### [ASSIGNED TASK]
Would you please set down, word for word, the lines from the one with "Battery Operated Modern" through the final line of the data below, omitting any pictures?

─── DATA FOR THE TASK ───

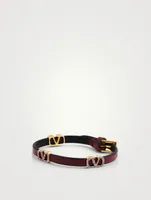 VLOGO Leather Bracelet With Crystals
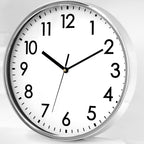 Battery Operated Modern Silver Wall Clock — 12" - View 3
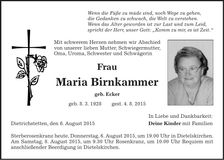 Traueranzeige Maria Birnkammer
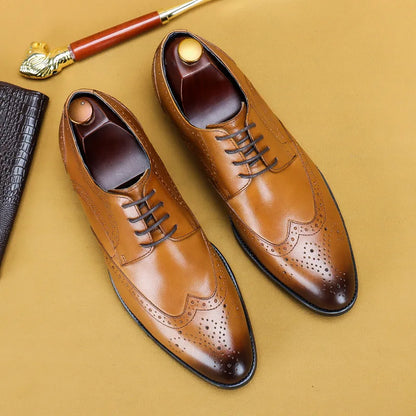 New Men Dress Handmade Shoes Genuine Leather Male Oxford Italian Classic Vintage Lace-up Men's Brogue Shoes Oxford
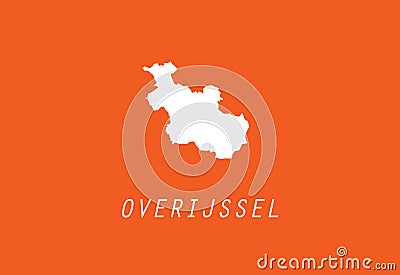Overijssel map Netherlands province Holland region sign Vector Illustration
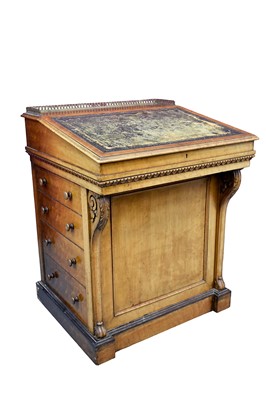 Lot 1355 - Regency period birds-eye maple gentleman's library davenport with sliding top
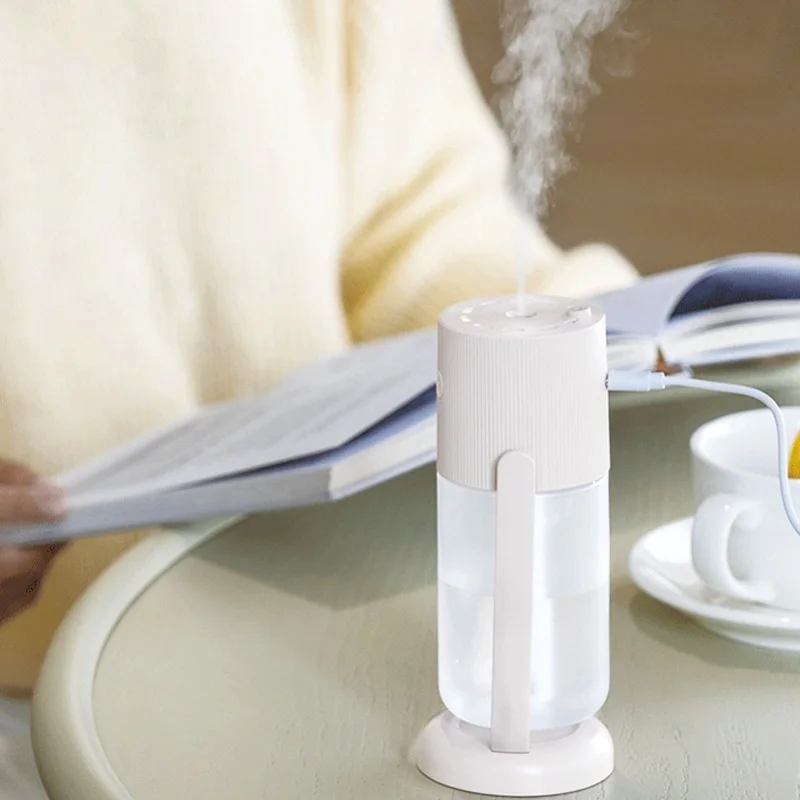 260ML Portable Mini Air Humidifier Multifunctional Small Cool Mist Humidifier With Ambiance Light For Cars Travel Office Home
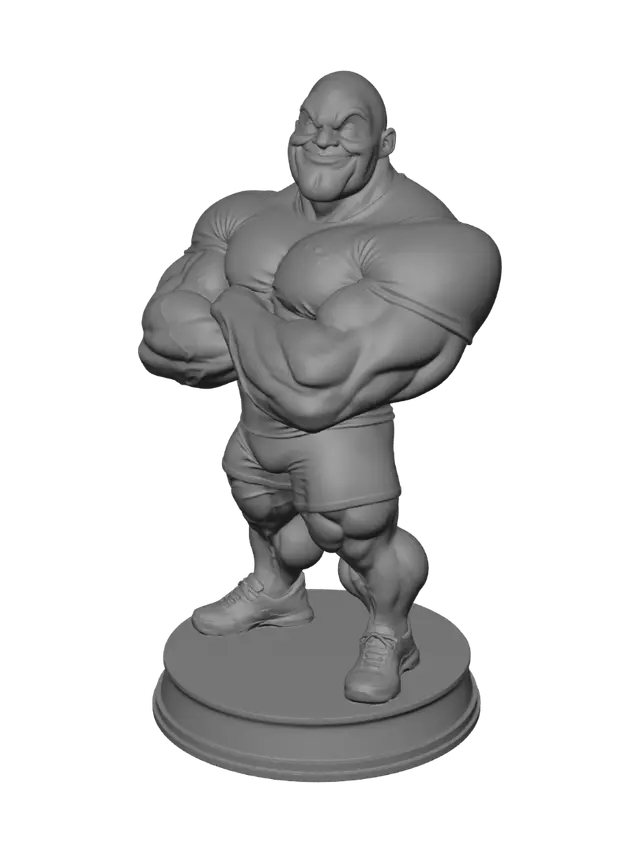3D model for Full body caricature character using the bald man's head from the reference image. Exaggerated cartoon-style bodybuilder physique with massively oversized muscles, huge biceps, thick neck, wide chest. Arms crossed confidently. Standing on a small trophy pedestal/podium. Wearing a black compression shirt. Fun and humorous pose. Red background. Studio lighting. 3D render style, Pixar-like cartoon proportions, clean white-ish background around the pedestal. Full body visible from head to toe.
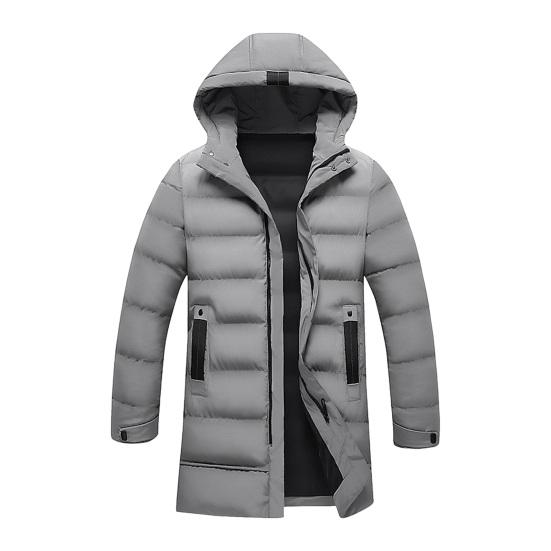 Herren Baumwollmantel mit Kapuze, lange Ärmel, Taschen, lange Daunenjacke, Reißverschlussleiste, einfarbige Taschen, verdickte Freizeit-Oberbekleidung M grau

───

### [TASK RESULT]
 Battery Operated Modern Silver Wall Clock — 12" - View 3
 Traueranzeige Maria Birnkammer
 New Men Dress Handmade Shoes Genuine Leather Male Oxford Italian Classic Vintage Lace-up Men's Brogue Shoes Oxford
Overijssel map Netherlands province Holland region sign Vector Illustration
 Lot 1355 - Regency period birds-eye maple gentleman's library davenport with sliding top
 260ML Portable Mini Air Humidifier Multifunctional Small Cool Mist Humidifier With Ambiance Light For Cars Travel Office Home
3D model for Full body caricature character using the bald man's head from the reference image. Exaggerated cartoon-style bodybuilder physique with massively oversized muscles, huge biceps, thick neck, wide chest. Arms crossed confidently. Standing on a small trophy pedestal/podium. Wearing a black compression shirt. Fun and humorous pose. Red background. Studio lighting. 3D render style, Pixar-like cartoon proportions, clean white-ish background around the pedestal. Full body visible from head to toe.
 Herren Baumwollmantel mit Kapuze, lange Ärmel, Taschen, lange Daunenjacke, Reißverschlussleiste, einfarbige Taschen, verdickte Freizeit-Oberbekleidung M grau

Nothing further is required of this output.